State v. Farokhrany
Case #: A146723
De Muniz, S.J. for the Court; Ortega, P.J.; and Nakamoto, J.
Full Text Opinion: http://www.publications.ojd.state.or.us/docs/A146723.pdf
Criminal Procedure: When prosecutors mention rape laws of the Middle East during voir dire in a case where the defendant is a Muslim from the Middle East, the court must grant a curative instruction to ensure the jury does not impermissible consider race and religion during deliberations.
Defendant appealed conviction for a number of crimes. During voir dire, the prosecutor asked jurors for their views on the State calling only one witness to prove a fact. The prosecutor contrasted this with a scenario from the Middle East where rape victims must call five male witnesses to prove rape.

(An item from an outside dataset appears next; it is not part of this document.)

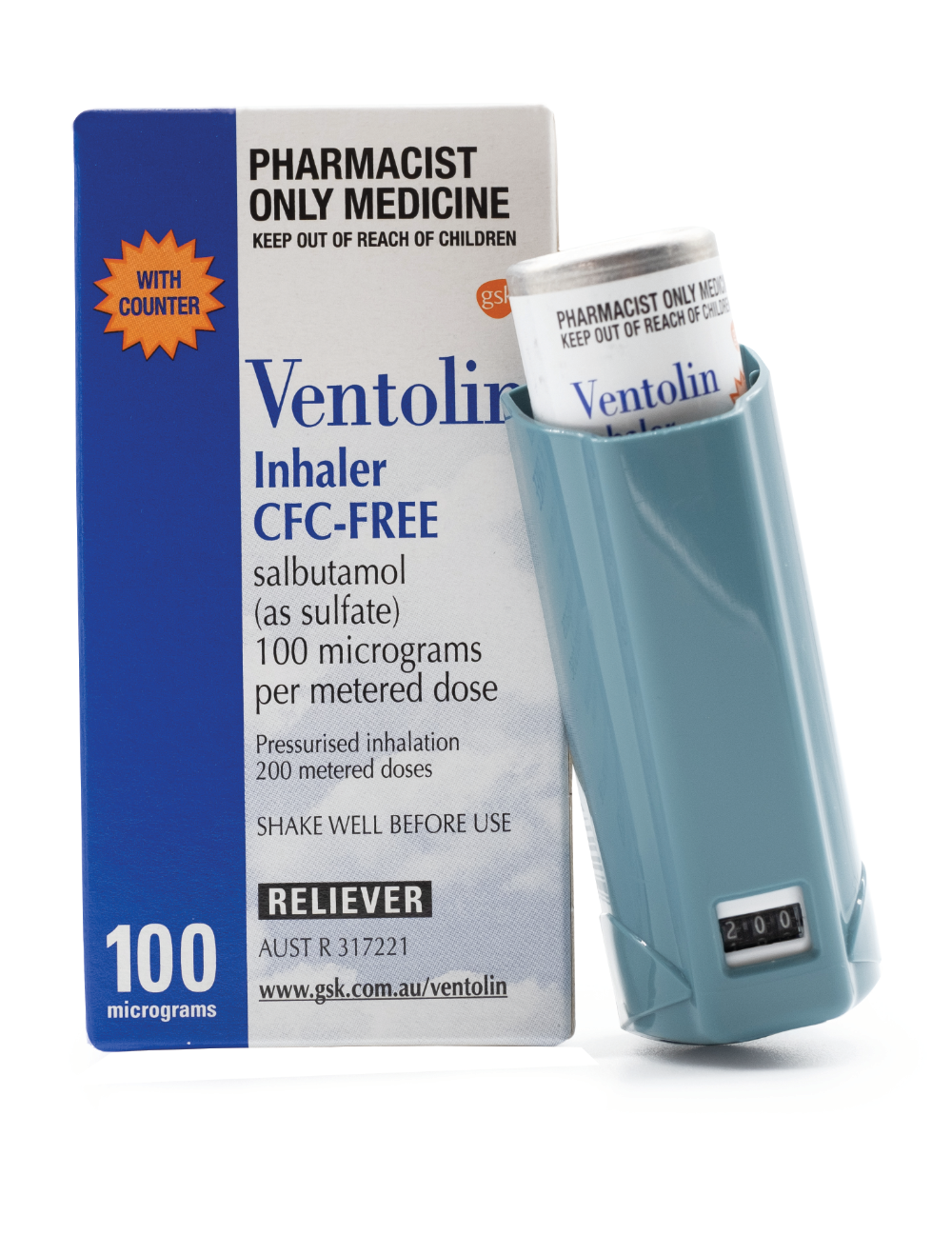 New VENTOLIN inhalers with dose counter reimbursed on the PBS for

Later, outside the presence of the jury, Defendant asked for a curative instruction indicating that Defendant's race, religion, or ethnicity was not to be used against him in reaching a verdict, and that this scenario was only an illustration. The court denied giving a curative instruction. Defendant appealed, arguing that he was denied his right to a fair trial because the jury was focused on issues regarding rape in Saudi Arabia or Iran. Further, since Defendant is of Iranian decent, the jury may have elicited a verdict based on his ancestry or religion. Article 1, Section 11 of the Oregon Constitution guarantees an individual the right to an impartial jury. The Court held the trial court abused its discretion by failing to include the curative instruction because a reasonable juror could identify Defendant as of Muslim religion, or Iranian or Saudi decent. The State's comments called jurors’ attention to Defendant's ethnicity or religion, and ideas outside the evidence when making their decision. Reversed and remanded.